In the case of Re Shanghai Xinan Screenwall Building & Decoration Co, Ltd [2022] SGHC 58 the Singapore High Court recently gave effect to a potentially defective arbitration clause, wherein a non-existent institution was selected. The Court subsequently upheld the award issued by the China International Economic and Trade Arbitration Commission (“CIETAC”) Tribunal.

Facts
Shanghai Xinan, a Chinese company, obtained an arbitral award from CIETAC against Great Wall, a Singapore company, who had not participated in the arbitration proceedings.

When Xinan obtained an enforcement order from the Singapore Court, Great Wall sought to set aside the order, stating that the arbitration agreements were not valid under Chinese law, it therefore fell within s.31(2)(b) of the International Arbitration Act which provides that courts may refuse enforcement of a foreign award if the party against whom enforcement is sought proves to the court that “the arbitration agreement is not valid under the law to which the parties have subjected it or, in the absence of any indication in that respect, under the law of the country where the award was made”.
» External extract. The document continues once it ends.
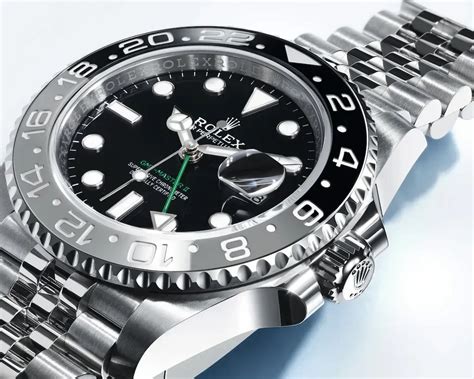 rolex gmt nero lancetta verde|Rolex GMT Master II 126710GRN con lunetta Grigio.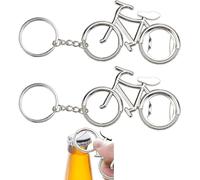 Set di 2 portachiavi apribottiglie per bicicletta, in lega di zinco, pratico e versatile, per amanti della birra, accessorio per bar e feste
In this case, the arbitration agreements provided for the dispute to be submitted to the “China International Arbitration Center”. As no such institution exists, it is in violation of Article 18 the Arbitration Law of the People’s Republic of China which provides that where no institution is selected in the original arbitration agreement or a supplemental agreement, the arbitration agreement will be null and void. Therefore, Great Wall argued that the arbitration agreements were void under Chinese law and should not be enforced in Singapore.

High Court’s Decision
The Court rejected Great Wall’s argument. It found that the arbitration clauses showed that the parties intended to resolve their disputes by arbitration in China, and pointed out that the parties would not deliberately have chosen a non-existent institution, but must have intended to choose an existing arbitral institution. The question was therefore whether the arbitration agreements “evince a common intention that CIETAC would be that arbitral institution”.

It was noted that there were close similarities between the words used in the arbitration clause (“China International Arbitration Center”) and the name of CIETAC. This inaccuracy in the name did not nullify the parties’ consent to arbitration or their choice of institution. The Court concluded that the parties had agreed on CIETAC as the arbitral institution, despite being presented with a Chinese court decision which held that a reference to “China International Arbitration Center” was not to be read as referring to CIETAC and thus the arbitration clause was void as no institution was named. The Court had undertaken the exercise of contractual interpretation in this case and concluded the objective intention of the parties was to refer disputes to CIETAC. It reiterated that this was not a matter of choosing a non-existent arbitral institution, but rather giving an agreed arbitral institution a wrong name.

Though it is clear that Singapore Courts will deploy effective interpretation to overcome defects and give effect to parties’ agreement to arbitrate, parties to an arbitration agreement should still be mindful not to name a non-existent institution in their arbitration agreement.